The fact they’d known each other all their lives was the reason they were still so close despite their nuanced differences and divergent career paths.
What they were doing now was playing a familiar game that never bored them – comparing the thickness of each others’ skin.
Not in a literal sense, although that might have been fun. After a few bottles of wine at one long-ago social gathering, this had been suggested.
Get out the calipers and take a leaf from Shylock’s book. Cut off some flesh and measure the depth of the cutaneous level in millimeters.
Consistency should also be considered.
The inside walls may have become crustaceous as the result of being forged by boiling blood.
Each had chosen a profession particularly subject to criticism. Over the years, the reviews had been issued on their works and sometimes they weren’t so cheery.
Immediate raging anger had to be managed and subsequent simmering heat, that occasionally broke out into brush fires, extinguished.
The moment had come in their usual proceedings when quiet contemplation replaced boisterous bonhomie.
Each of the men was lost in thought as the sun set behind them, dispensing a roseate glow over the backyard and their own feelings.
The actor had been particularly bruised in his early years.
He had the “range-riding” good looks and outgoing personality that gained him entry into his profession in the first place.
But he possessed little of the emotional depth or theatre-school training to make his first appearances on screen more than ornamental.

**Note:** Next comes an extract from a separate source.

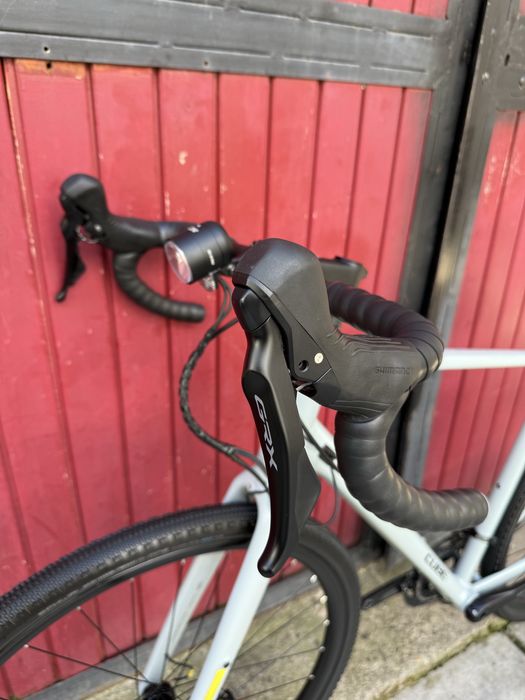 Велосипед CUBE NUROAD RACE FE 2025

Many reviewers, knowing potential star charisma when they saw it, were generous and forgiving.
Several others, hoping to exploit a weakness while trying to enhance their own reputations, and loving the whole sport of the matter, went for their elephant guns.
How he’d survived those years remained a mystery. There were days when he didn’t leave his home.
Deep in his psyche, his sense of inadequacy was allowed to kick up its heels.
There were people in his profession he couldn’t match in talent. Not now, not ever.
His success was a charade.
His only relief came from a more-than-occasional swig of alcohol and snorts and swallows of illegal substances.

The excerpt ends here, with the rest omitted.